None of the artists mentioned in this book set out to illustrate an idea that they have about a subject. The painting and the subject become inextricably linked and the artist comes to understand and expand the subject through the painting as it evolves. The artist also specifically creates a visual language to respond to a given subject. The connection and focus is pertinent to the artist and influences the way in which they handle the materials and move in the space of the image.

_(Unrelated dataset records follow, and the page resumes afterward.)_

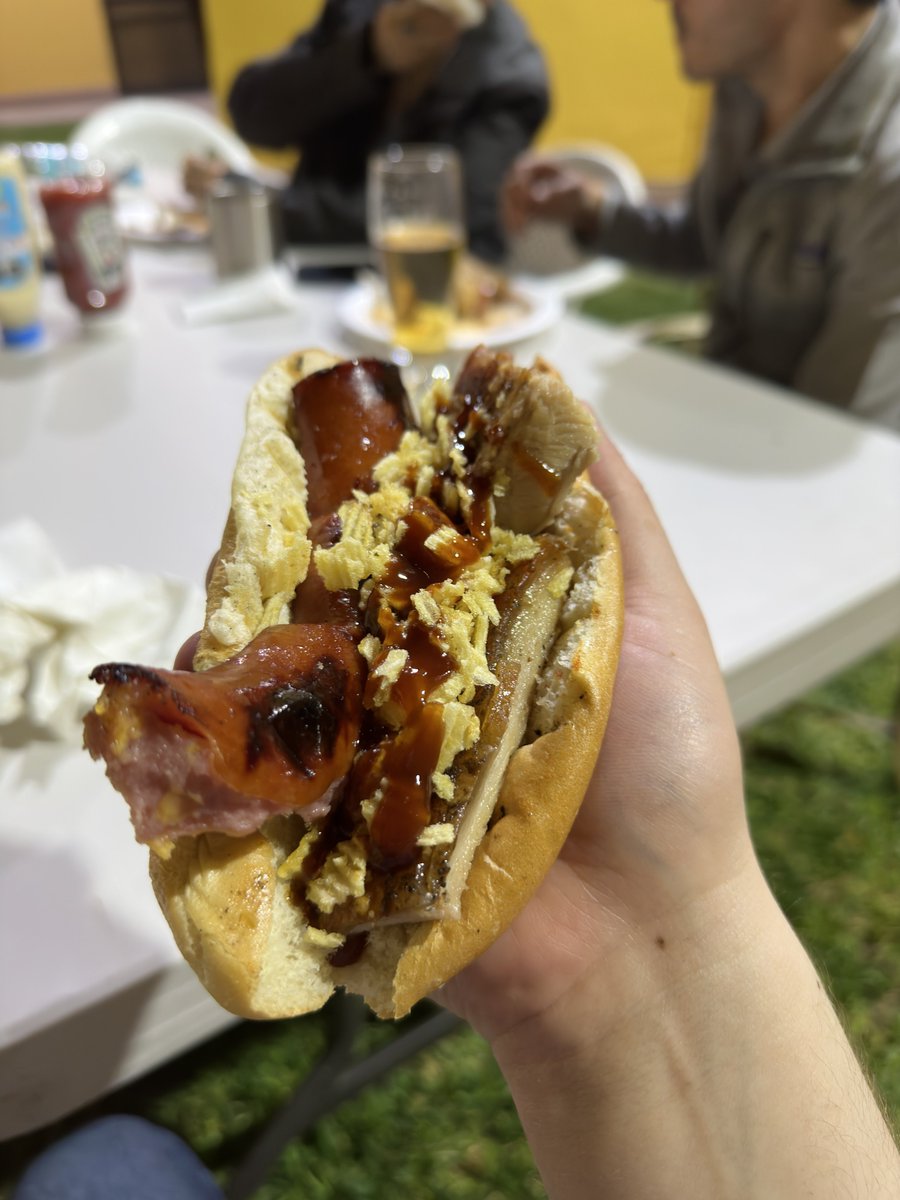 “ KING CHANO “ tweet media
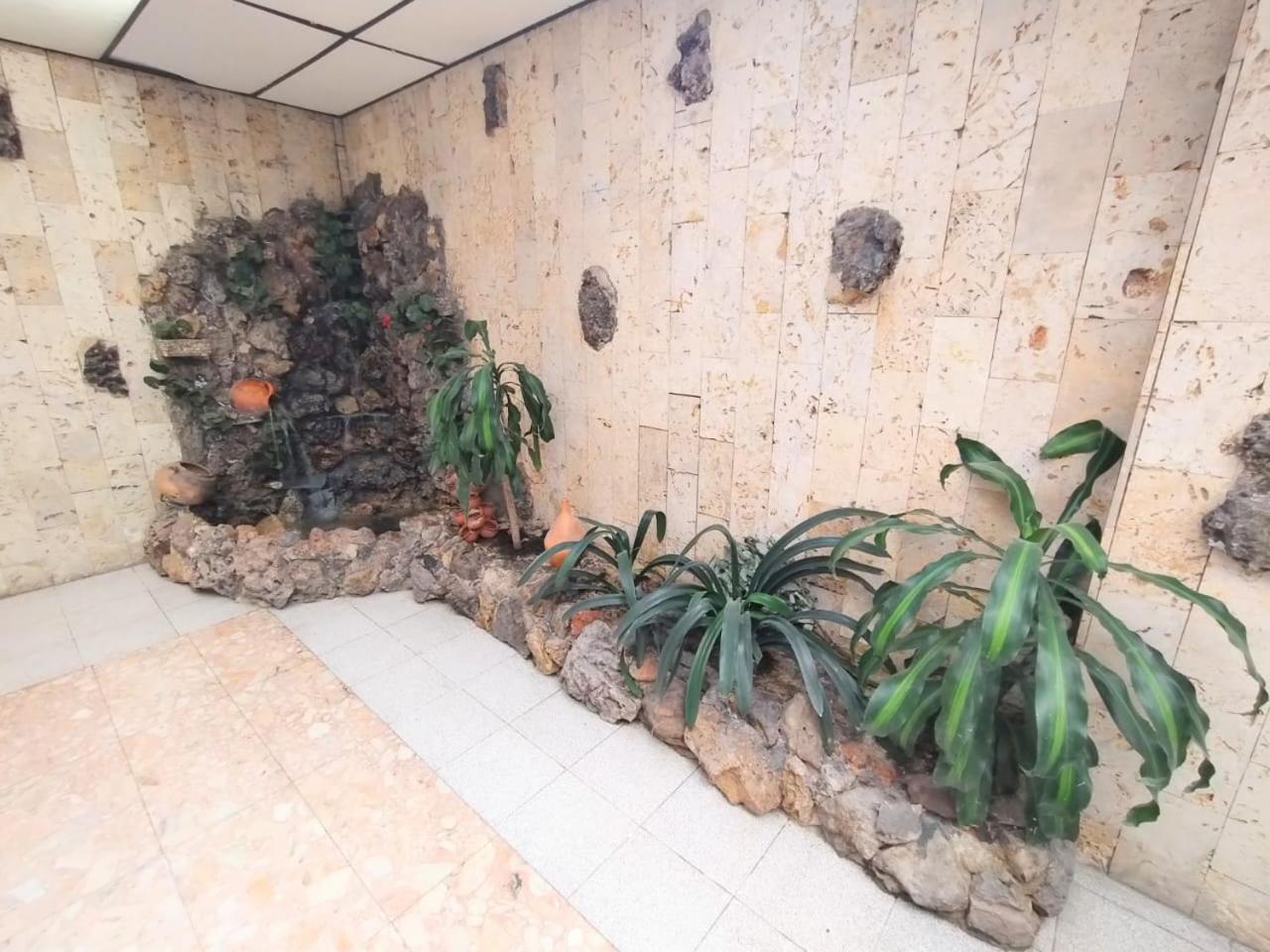 Innovar Casa Hostal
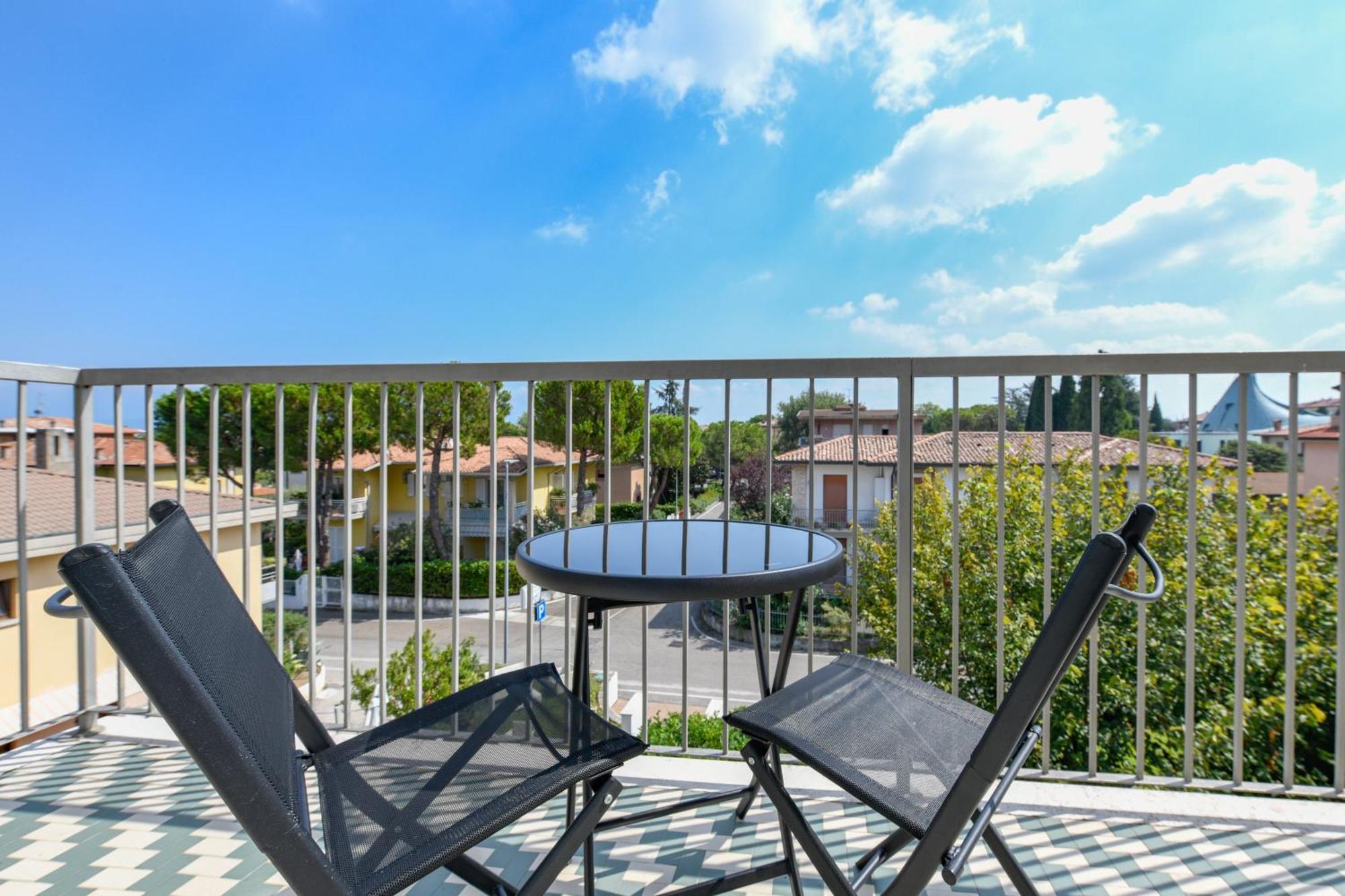 Hotel Arya By Mauro Sirmione Exterior foto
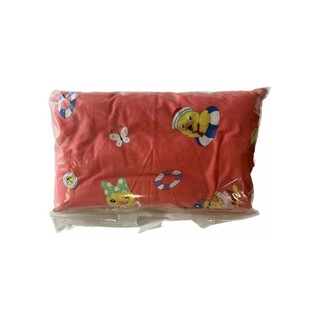 Panda Kid Pillow 12 x 20IN PI10 CMO5
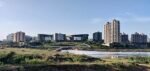 Pune Reinforces Position As India's Housing Capital With 44,265 Homes Sold In First Half Of 2026: Report 6 Kharadi Skyline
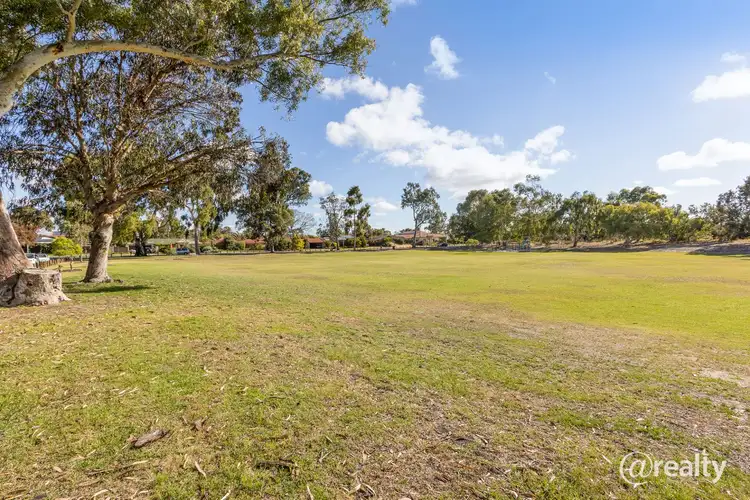 Second view of Homely house listing, 8 Nolt Court, Leeming WA 6149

As an artist I set myself challenges and take risks. As a tutor I encourage my students to do the same. Training and habit seem to impede the process of allowing ourselves a true response to things and our aesthetic censors seem to have very narrow boundaries as to what we perceive to be ugly or beautiful. Refreshingly, though, what I witness frequently in my own work and that of my students is that the best pieces emerge from a procedure of undermining the ordered and ‘nice’. Often when there is a struggle or dissatisfaction, or perhaps boredom, with one’s work, then to challenge yourself aesthetically is an uncomfortable but effective method of pushing you to a new place. The ingredients that are put together to create work of great beauty and presence can be surprising. The final look belies the struggle, the scraping, dragging battle with the paint that created the finished painting or drawing. The viewer is just caught up in the experience of the subject and the paint.

Suspend Your Judgement

Throughout this book I offer not only practical advice about being more expressive and poetic with your work, but I also unpack the stages through which the work goes. The artists whose work illustrates the book create tough and beautiful paintings, but they are not necessarily going to appeal to you instantly or be accessible. This applies when you look at your own work. As you experiment and take risks with your work it will be tempting to return the work to something more comfortable and familiar. Sit with it, work a little harder, consider how it makes you feel, let it wash over you, walk away and then come back again. You have to get past the first reaction that might challenge your aesthetic taste. Good taste is a dubious quality. Rose Wylie described it well when she said to me, ‘I find good taste, as it’s often ignorantly used, very questionable. Usually, it is taste that simply confirms the opinions of the speaker.’4

John Skinner also feels that students and the public alike might widen their definition of what a painting could look like and how it can affect the viewer:

If people want to gain more understanding of painting, they have to work harder at it. Most people like the kind of art they liked when they were thirteen, that dreadful, nostalgic, prepubescent roses-round-the-door stuff. They want the certainty that young children want, whereas adult art is much more sophisticated. As an adult I want to see and produce proper, grown-up art with a full range of meaning. Proper, grown-up painting has layers of meaning – like a Nereid getting in a car. [Illustrated in Chapter 7.]5

Close and Personal

I have deliberately referred to the artists by their full name and first name rather than the more conventional and formal procedure of using just their surname. This is because I am not attempting to articulate a contemporary critique of their work, I am instead shedding light on their working practice and their motivations for working. Unconventional paintings require an unconventional way of discussing them. I am also one of them, a painter, not an outsider looking in. I empathize with and share many of their philosophies and passions. The tone of my writing is thus deliberately personal. I want the reader to feel that the artists are sharing their thoughts.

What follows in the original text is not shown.